[Supplied records]
────────

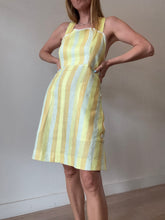 Load image into Gallery viewer, Oroton - Striped Linen Mini Dress - Yellow - 14
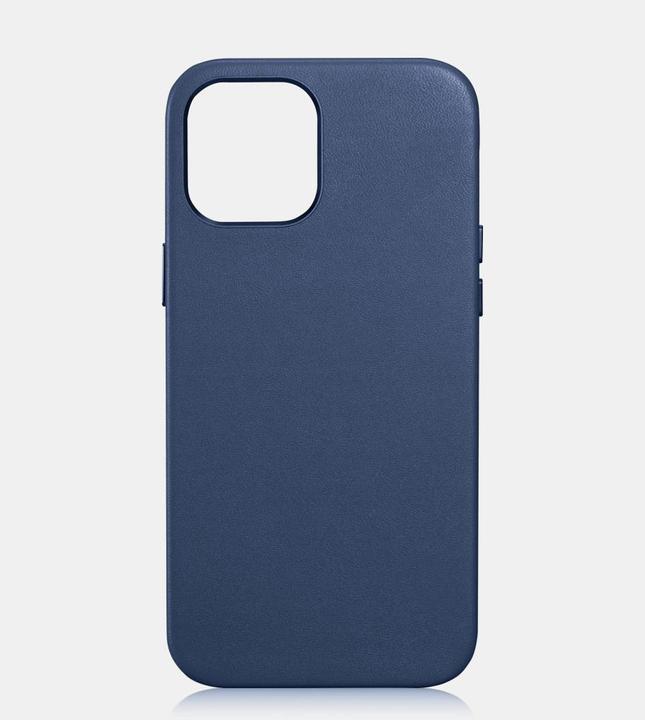 Produktbild iCarer iPhone 12 Pro Max Echt Leder Case with MagSafe Blau (Apple iPhone 12 Pro Max)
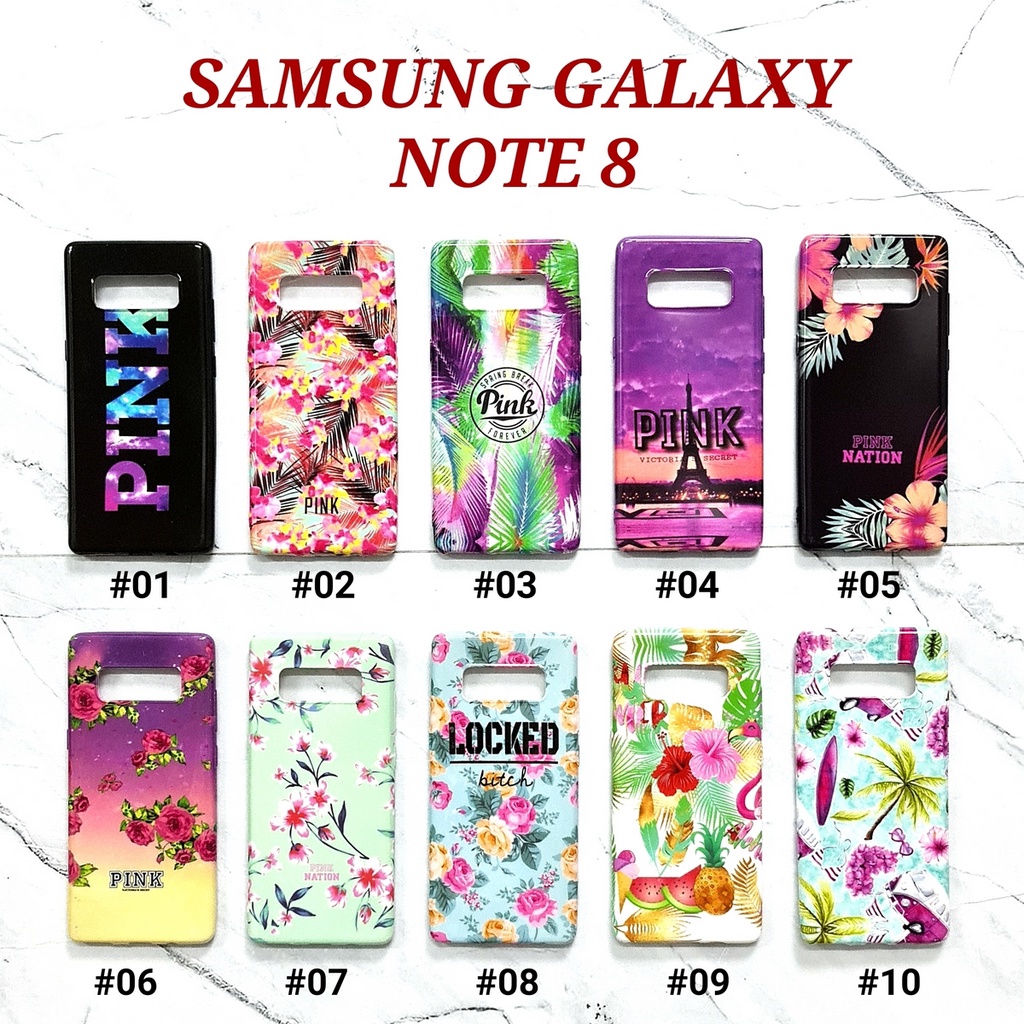 SAMSUNG GRAND 1 GRAND NEO I9082 NOTE 8 S7 EDGE S8 S8 PLUS S9 S9 PLUS | PINK NATION Soft Case Floral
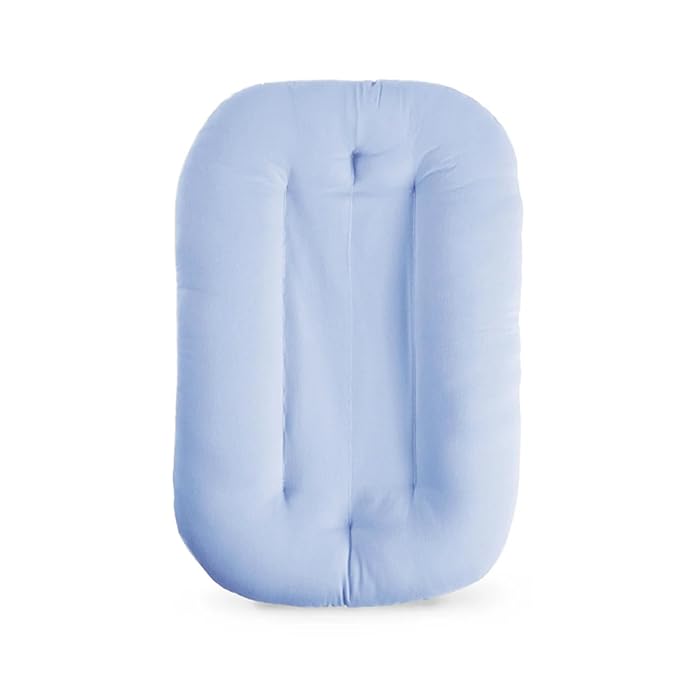 Baby Lounger for Newborn, Bionic Design Baby Lounger, Soft Organic Cotton Breathable Lounger for Infants 0-18 Months (Blue)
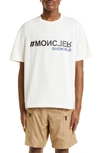 MONCLER EMBOSSED LOGO GRAPHIC TEE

────────

[Exercise prompt]
When you transcribe these entries, keep every word exact and drop the pictures.

[Answer box]
 Load image into Gallery viewer, Oroton - Striped Linen Mini Dress - Yellow - 14
 Produktbild iCarer iPhone 12 Pro Max Echt Leder Case with MagSafe Blau (Apple iPhone 12 Pro Max)
 SAMSUNG GRAND 1 GRAND NEO I9082 NOTE 8 S7 EDGE S8 S8 PLUS S9 S9 PLUS | PINK NATION Soft Case Floral
 Baby Lounger for Newborn, Bionic Design Baby Lounger, Soft Organic Cotton Breathable Lounger for Infants 0-18 Months (Blue)
 MONCLER EMBOSSED LOGO GRAPHIC TEE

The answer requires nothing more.